Dressed in a reflective neon-yellow hoodie and green work pants, Cavaco, up and at ’em since 3 a.m., is still fighting yawns in the early winter morning at the Waterloo Waste Management headquarters at 5:30, the time his workday begins. An immigrant to Canada at 12 years old, he still has a trace of a Portuguese accent. He’s a joker and a teaser with both his co-workers and customers and will laugh loudly many times throughout the day.

The moon, an orange sliver, still hangs in the black sky as he heads down the highway toward Cambridge, his first stop of the morning. Not a cold weather person, he blasts the heat.

As he drives, he explains why he quit the hotel business: too many customers were picky and complained. “People with the most money,” he adds, “complain the most.” At least one good thing came out of it: it was in the hotel business where he first met his wife.

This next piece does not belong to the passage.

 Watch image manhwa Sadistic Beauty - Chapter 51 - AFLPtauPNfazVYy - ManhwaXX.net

A friend led him to a job at Waste Management, where he’s now a 20-year veteran. He started at the bottom, collecting blue box recycling, then garbage, then driving residential waste trucks. His latest role, collecting dumpster waste in a front-loader, is the second-last rung in the career ladder, but Cavaco, who enjoys the simple life, says he isn’t interested in advancing to an office position and being “stuck behind a desk” all day – not to mention dealing with the office politics and administrative headaches. “Aw, forget about it!” he says good-naturedly, flipping his hand dismissively.

After picking up a load of junked wood pallets and taking them to a recycler, it’s off to Guelph for the rest of the day. It’s a bumpy ride in his garbage galleon, and Cavaco likes to drive fast. The heavy truck bounces and rattles violently over every manhole, pothole and crack in the road along today’s route.

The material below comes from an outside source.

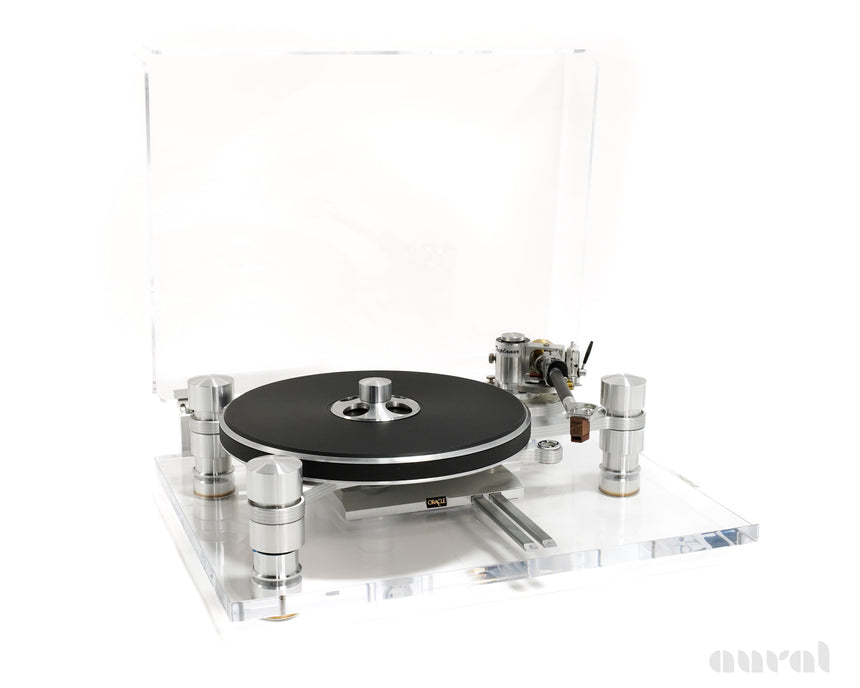 Oracle Delphi MkV / Preowned // Reference Turntable / Triplanar Arm / Grado RP Cart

Cavaco checks his stops off on a clipboard as he goes. Some containers are less than half-full; others are overflowing. Cavaco never knows exactly what he can expect to find at the end of each driveway. The biggest scare he remembers having was when a man jumped up from inside a dumpster he was about to lift. He’d been sleeping in it.

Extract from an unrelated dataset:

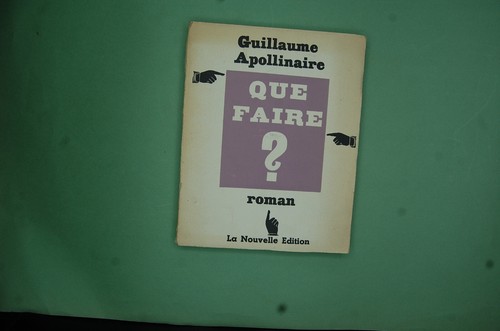 Guillaume apollinaire que - guillaume, apollinaire,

A joystick to the right of the steering wheel controls the lifting arm. As the contents fall from a dumpster, the truck shakes; it feels like a minor earthquake. The odour, surprisingly, is minimal to none. Around nine, after an unloading at the Guelph transfer station, Cavaco starts thinking about coffee. “Tim Hortons, here we come!”

As he finishes the last of his large double-double, Cavaco admits that not all days go this smooth. One icy winter day, his truck was halfway up the hilly driveway of a farm when it started sliding back down.

And then there are the quirky customers he occasionally deals with – such as the client who warned him not to turn around in his parking lot because the truck’s tires left marks on the asphalt.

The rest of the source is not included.